Who else has any level of heat stress or actual dormancy going on? And what are your dormancy management strategies for this year?

My main lawn has some dormant blades despite regular irrigation, because it's been so dry here, and also the heat stress.

Part of the low-input area, which I don't irrigate unless I really have to, is about half dormant already. I've only watered it once so far, whereas the front has been watered a bunch of times (probably 10 or so) this year.

My grandfather's lawn, which receives essentially zero irrigation, is more than half brown in the front, and losing color in the back.

How about your heat stress or dormant areas by choice or necessity? How do they look? How are they doing?


----------



## social port (Jun 19, 2017)

I don't know what is in dormancy and what is dead, but my fescue is really struggling right now. Only two more months of 85+ days. Ready for fall. Ready for fertilizer. Ready for green.

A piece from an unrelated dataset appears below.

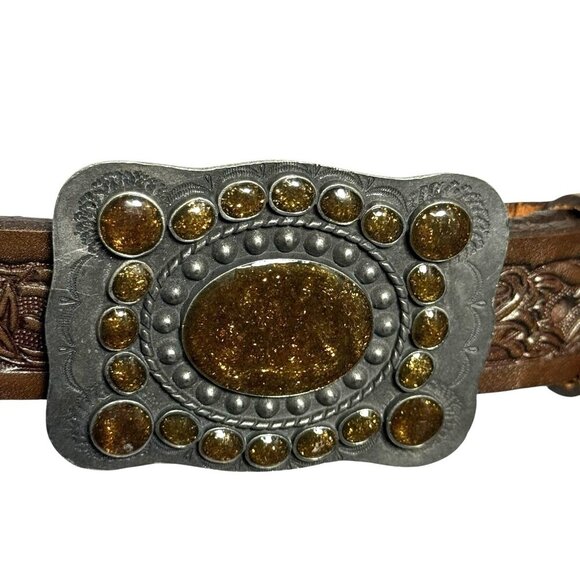 Vintage Tooled Leather Belt Size 38 Brown & Goldstone cabochons Womens Western - Picture 2 of 11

But more seriously, I think the bulk of my brown areas is dormant grass. I've been watering some, and a recent round of rain has helped, I believe. I've used baby shampoo to help with water penetration. I've also used kelp and humic acid. I'm watching for the right moment to put down a healthy dose of K as well.


----------



## Green (Dec 24, 2017)

social port said:


> I don't know what is in dormancy and what is dead, but my fescue is really struggling right now. Only two more months of 85+ days. Ready for fall. Ready for fertilizer. Ready for green.
> 
> But more seriously, I think the bulk of my brown areas is dormant grass. I've been watering some, and a recent round of rain has helped, I believe. I've used baby shampoo to help with water penetration. I've also used kelp and humic acid. I'm watching for the right moment to put down a healthy dose of K as well.

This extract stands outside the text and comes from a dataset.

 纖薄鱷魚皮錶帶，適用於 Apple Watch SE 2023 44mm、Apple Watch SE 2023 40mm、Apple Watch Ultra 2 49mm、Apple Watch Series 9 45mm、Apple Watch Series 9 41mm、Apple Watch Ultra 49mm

I read your post on that right before you posted here! If it gets some water regularly, a lot of it should stay alive.

A lot of the dormant grass I'm managing in the two yards is FF. I've heard various things about the dormancy of fescue, but I'm not certain how FF and TTTF compare in that way, even though I have both. I do know last year, my neighbor's lawn (FF) was brown for 1-2 months while they were away. It received little water. It came back well in October, and nearly prefectly this Spring.


----------



## LIgrass (May 26, 2017)

I only have 1 small section going dormant and it's because it's mostly Prosperity. I have a driveway strip that receives no irrigation. The Bewitched in the same strip is unfazed.. It's amazing how drought tolerant BW is.


----------



## Green (Dec 24, 2017)

LIgrass said:


> I only have 1 small section going dormant and it's because it's mostly Prosperity. I have a driveway strip that receives no irrigation. The Bewitched in the same strip is unfazed.. It's amazing how drought tolerant BW is.


Wow, really? What has your rainfall been like?


----------



## LIgrass (May 26, 2017)

Green said:


> LIgrass said:
> 
> 
> > I only have 1 small section going dormant and it's because it's mostly Prosperity. I have a driveway strip that receives no irrigation. The Bewitched in the same strip is unfazed.. It's amazing how drought tolerant BW is.
> ...


I don't really keep precise track but the frequency of rain has been spaced out perfect this spring. I feel like we had a good rainfall at least once a week up until last week.


----------



## Green (Dec 24, 2017)

LIgrass said:


> I don't really keep precise track but the frequency of rain has been spaced out perfect this spring. I feel like we had a good rainfall at least once a week up until last week.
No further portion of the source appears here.